= William Alford Lloyd =

William Alford Lloyd (c. 1826–1880) was an English self-taught zoologist who became the first professional aquarist.

Inspired by Gosse's new book, The Aquarium, published in 1854 Lloyd, who worked for a bookseller, began keeping marine animals in glass tanks. On 14 July 1855 he opened a shop advertised in Notes & Queries as “selling everything relating to aquaria” at 164 St John Street Road, Clerkenwell, London. In 1856 he opened a new shop “The Aquarium Warehouse” at 20, Portland Road, Regent's Park and in 1860 he supervised the installation of an aquarium The Gardens of the Society of Acclimatation in Bois de Boulogne in Paris.

By the 1860s the aquarium craze was over, at least in England, and Lloyd went bankrupt. In 1862, supported by Richard Owen he moved to Grindel Dammthor, Hamburg, to supervise the installation of the circulating system and tanks at the Hamburg Aquarium.

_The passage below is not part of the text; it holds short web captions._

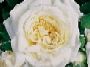 Rosiers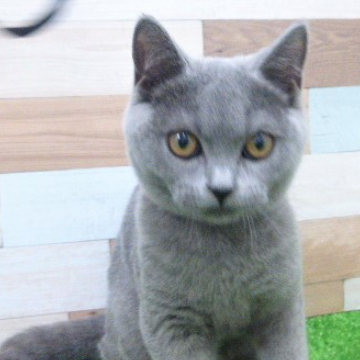 animal_image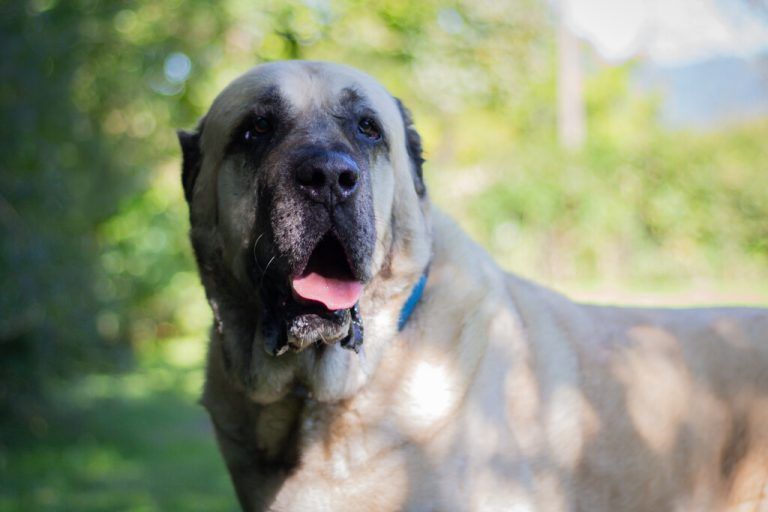 Verschenke kein Leben!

Success in Germany led to his appointment as Superintendent of the Crystal Palace Aquarium two years before it opened in 1871. Anton Dohrn, who had made Lloyd's acquaintance in 1866 at the Hamburg aquarium invited him to install the aquaria at Stazione Zoologica at Naples in the spring of 1873. Here some of Lloyd's circulating system was still operating well into the 20th century. Anton Dohrn's professional biological station flourished and the Swedish Professor Loven of Sweden, who planned a research establishment sent a representative to London to consult with Lloyd. In England Lloyd's last post was as superintendent at the Aston Aquarium, Birmingham.